In August 2019, the Company achieved American Petroleum Industry (“ API ”) certification and licensing for its SAE Viscosity Grade 5W-30 formulation in, which permitted the Company to utilize the Resource Conserving, SN Plus, and ILSAC GF-5 designations on its ReGen[TM] product. The Company is now listed on the API Directory of Licensees. In October 2019, the Company was successful in licensing its 5W-20 and 10W-30 PCMO formulations with API.

On May 29, 2020, the Company completed a non-brokered private placement and issued an aggregate of 2,773,659 Common Shares at a price of $0.15 per Common Share for gross proceeds of $416,049. The Company paid finder’s fees of $25,973 in cash and issued 173,156 Common Share purchase warrants to one of the finder companies in which Mark Redcliffe, Executive Vice-President, Corporate Finance of the Company, is an independent director. Each finder’s warrant is exercisable into one Common Share at an exercise price of $0.15 until May 29, 2021.

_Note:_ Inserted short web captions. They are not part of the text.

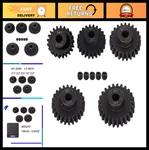 Hd Steel M1 Pinion 21T 22T 23T 24T 25T 5MM Shaft Motor Gears For Traxxas Mini New. Price: $34.99.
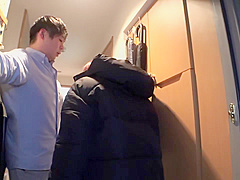 #326GCP-012 JAPANESE CUMSHOT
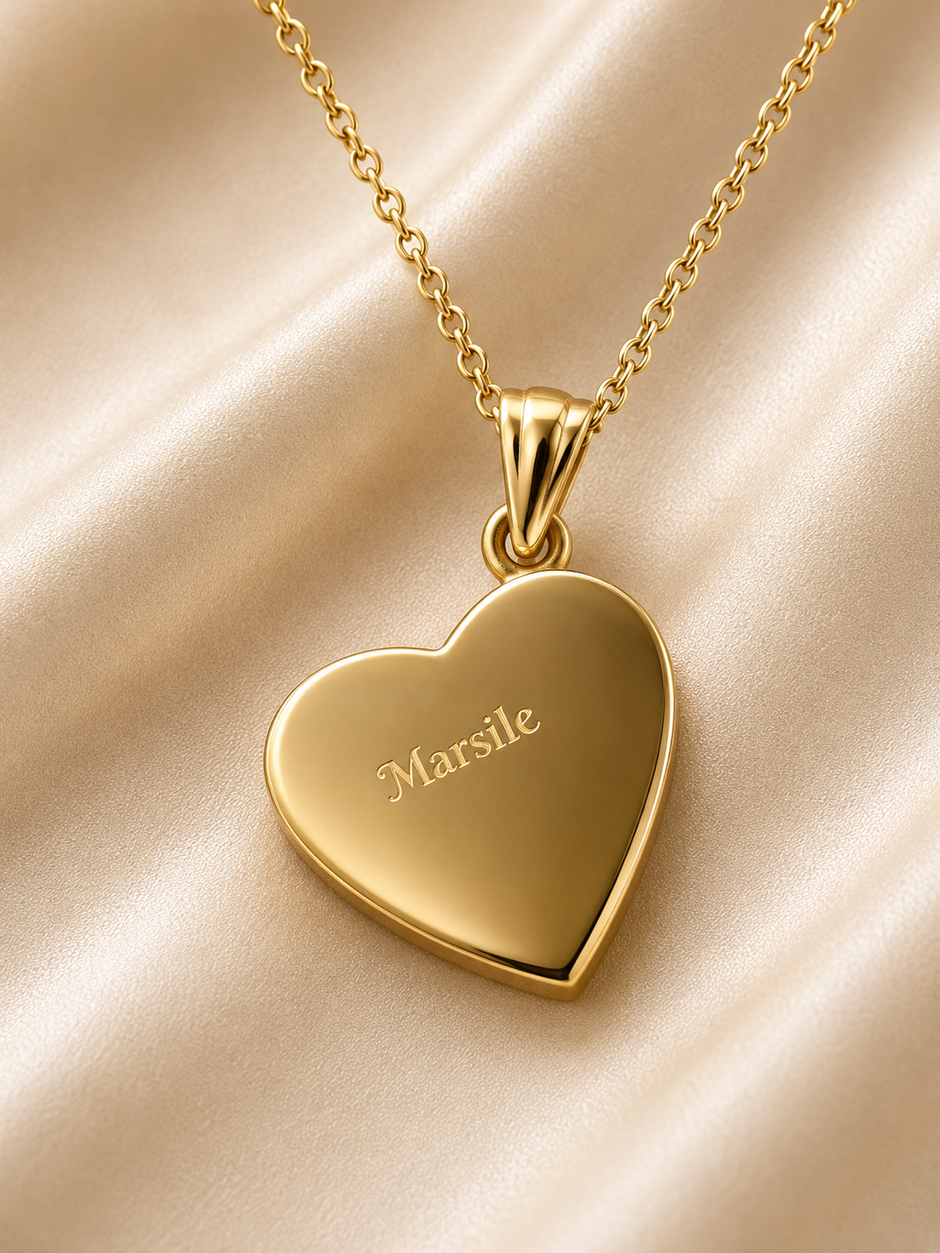 Love Within Kolye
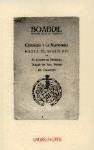 BOABDIL. GRANADA Y LA ALHAMBRA HASTA EL SIGLO XVI.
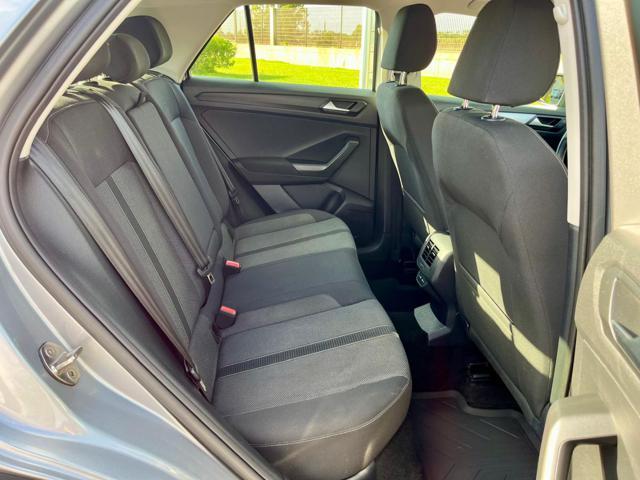 VOLKSWAGEN T-Roc 2.0 TDI SCR Life 115 cv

On September 17, 2020, the Company completed a non-brokered private placement of 2,540,000 units of the Company at a price of $0.20 per unit for gross proceeds of $508,000. Each unit consisted of one Common Share and one-half of one Common Share purchase warrant. Each whole warrant of the Company is exercisable to acquire one share at an exercise price of $0.30 per Common Share until September 17, 2021. The Company paid a cash finder’s fee of $3,000. Paul DiPasquale, a director of the Company, purchased an aggregate of 250,000 units of the private placement for gross proceeds of $50,000.

On October 27, 2020, the Company signed a Letter of Intent (“ LOI ”) with a super-major (the “ SM ”) for the offtake of all of the Company’s future production of Group II+ and Group III base oils from a proposed 5,600 barrels per day (“ bpd ”) marine terminal facility in or near Houston, Texas. SM will also have rights related to all future production of the Company’s Group II+ and Group III base oils from additional facilities constructed by the Company globally. The LOI covers a minimum five-year period with further extension options. The Company is currently working with SM to expedite a definitive agreement, further detailing the commercial relationship. The Company is working with the team at SM to expand upon and finalize the terms previously outlined in the LOI signed on October 27, 2020. These include and are not limited to, definitive terms relating to product quality, viscosity, quantity, availability, delivery methodology, site safety and payment terms, amongst others. These terms will be incorporated into a definitive agreement.

On November 18, 2020, the Company engaged Blue Deer Capital Partners for an initial term expiring December 31, 2021, to provide non-exclusive financial advisory services for a monthly fee. The Company also issued one million fully vested stock options to Blue Deer Capital Partners, each exercisable at a price of $0.30 per Common Share until May 18, 2022.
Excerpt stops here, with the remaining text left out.